A thing about time is that if you wait long enough, even the remotest of deadlines will eventually arrive. Zach turned eighteen in March, which makes me…well, still best to not think about that. He graduated from high school two weeks ago and I am all the things you’d expect: proud, a little sad, mystified at how the years of his childhood seem to have compressed into a heartbeat. Relieved that I don’t have to change diapers at 2AM anymore.

Despite mostly growing up in California, Zach is obligated to return to Singapore for 22 months of national service starting this August. When he was born, my wife and I didn’t know whether we would return to Singapore, where she is from, or to the US. We hedged our bets and got him both passports. The Singapore passport was hand-delivered to our apartment by two young embassy staffers along with a national service obligation and, to cushion the blow, a delightful gift basket. A reasonable trade, I thought, as I ate the butter cookies in the basket. Somebody had to eat them, and Zach didn’t have any teeth yet.

Friends have asked me over the years if I couldn’t get Zach out of national service, but this misunderstands my feelings. I am fully NS-pilled and excited for him to do it! This is easy for me to say since I’m definitely not the one doing it. But, in hindsight, a couple of years of discipline before I showed up for university would have done me good. I sacrificed my freshman year on the altar of monster bong rips and two-liter Sapporo mini-kegs before my parents gave me The Talk.

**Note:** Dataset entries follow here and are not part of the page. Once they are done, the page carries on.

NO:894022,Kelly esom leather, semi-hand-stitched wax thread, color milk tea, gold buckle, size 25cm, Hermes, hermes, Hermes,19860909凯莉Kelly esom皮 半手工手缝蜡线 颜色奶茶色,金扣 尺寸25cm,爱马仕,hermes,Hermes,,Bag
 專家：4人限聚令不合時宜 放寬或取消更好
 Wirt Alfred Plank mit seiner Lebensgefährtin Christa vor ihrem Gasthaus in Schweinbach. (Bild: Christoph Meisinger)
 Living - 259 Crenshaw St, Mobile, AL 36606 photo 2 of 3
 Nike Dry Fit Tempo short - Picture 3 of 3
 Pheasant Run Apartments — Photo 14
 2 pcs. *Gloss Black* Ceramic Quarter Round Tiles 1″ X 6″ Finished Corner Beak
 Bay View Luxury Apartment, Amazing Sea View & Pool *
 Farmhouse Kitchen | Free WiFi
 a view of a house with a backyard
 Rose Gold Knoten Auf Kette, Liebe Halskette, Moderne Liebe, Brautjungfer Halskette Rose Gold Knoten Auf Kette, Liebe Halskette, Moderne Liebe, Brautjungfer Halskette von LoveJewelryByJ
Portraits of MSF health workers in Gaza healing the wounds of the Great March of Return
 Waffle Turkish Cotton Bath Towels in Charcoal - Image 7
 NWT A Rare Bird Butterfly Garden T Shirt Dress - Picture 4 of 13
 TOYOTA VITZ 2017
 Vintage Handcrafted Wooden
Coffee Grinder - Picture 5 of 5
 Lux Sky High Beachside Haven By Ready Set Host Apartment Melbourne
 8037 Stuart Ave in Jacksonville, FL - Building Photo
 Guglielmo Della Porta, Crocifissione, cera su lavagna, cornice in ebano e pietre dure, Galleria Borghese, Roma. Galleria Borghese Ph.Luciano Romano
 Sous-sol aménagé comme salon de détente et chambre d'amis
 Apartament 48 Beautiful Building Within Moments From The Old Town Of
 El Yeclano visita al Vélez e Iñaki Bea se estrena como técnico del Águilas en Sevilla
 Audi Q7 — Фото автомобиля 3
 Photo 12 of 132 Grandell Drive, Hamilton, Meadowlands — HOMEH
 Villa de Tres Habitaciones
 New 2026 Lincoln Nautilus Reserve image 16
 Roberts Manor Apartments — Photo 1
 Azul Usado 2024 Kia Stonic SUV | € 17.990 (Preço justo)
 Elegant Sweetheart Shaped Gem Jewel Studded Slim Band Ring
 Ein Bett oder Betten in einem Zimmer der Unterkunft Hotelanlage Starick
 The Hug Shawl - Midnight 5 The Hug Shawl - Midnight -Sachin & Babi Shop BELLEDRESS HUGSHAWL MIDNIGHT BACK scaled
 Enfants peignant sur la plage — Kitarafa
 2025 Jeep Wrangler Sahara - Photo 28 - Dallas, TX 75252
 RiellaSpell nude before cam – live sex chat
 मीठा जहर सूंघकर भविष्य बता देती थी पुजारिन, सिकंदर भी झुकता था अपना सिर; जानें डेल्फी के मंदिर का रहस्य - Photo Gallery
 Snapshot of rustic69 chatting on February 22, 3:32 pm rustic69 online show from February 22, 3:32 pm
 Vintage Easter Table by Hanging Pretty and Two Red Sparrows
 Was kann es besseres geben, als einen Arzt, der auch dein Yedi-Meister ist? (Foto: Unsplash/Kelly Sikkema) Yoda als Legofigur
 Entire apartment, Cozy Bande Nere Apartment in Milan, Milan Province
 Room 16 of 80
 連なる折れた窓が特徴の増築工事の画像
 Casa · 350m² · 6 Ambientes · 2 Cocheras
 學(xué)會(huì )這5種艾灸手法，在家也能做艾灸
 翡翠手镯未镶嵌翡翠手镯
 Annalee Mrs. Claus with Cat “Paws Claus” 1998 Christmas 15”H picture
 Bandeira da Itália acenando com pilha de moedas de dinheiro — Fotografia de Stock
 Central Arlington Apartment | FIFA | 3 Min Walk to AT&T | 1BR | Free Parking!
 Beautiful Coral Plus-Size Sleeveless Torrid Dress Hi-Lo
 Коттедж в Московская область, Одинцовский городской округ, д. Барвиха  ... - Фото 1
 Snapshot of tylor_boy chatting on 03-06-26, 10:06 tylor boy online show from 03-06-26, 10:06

Fortunately, Zach is a better student than I was and has no discernible interest in monster bong rips, which are frowned upon in Singapore, or Sapporo mini-kegs, which start good but finish flat, warm and pungent, like a road-killed tanuki in a Hokkaido summer. He’s grown up knowing that NS was coming and seems to accept it as the price of being half-Singaporean.

My wife and I have always planned to return to Asia while Zach is in NS. For a long time this was a distantly appealing prospect that we chatted about with other parents at playdates full of six year olds. It was a thing that would happen, you know, someday, like AARP membership or a prescription for statins.

Well, motherfucker, someday is here and now we have to move back across the Pacific. I also get regular AARP membership pitches in the mail, which makes me…honestly, best not to think about that.

Read the rest on Substack

Hey, kid, easy on those throttles.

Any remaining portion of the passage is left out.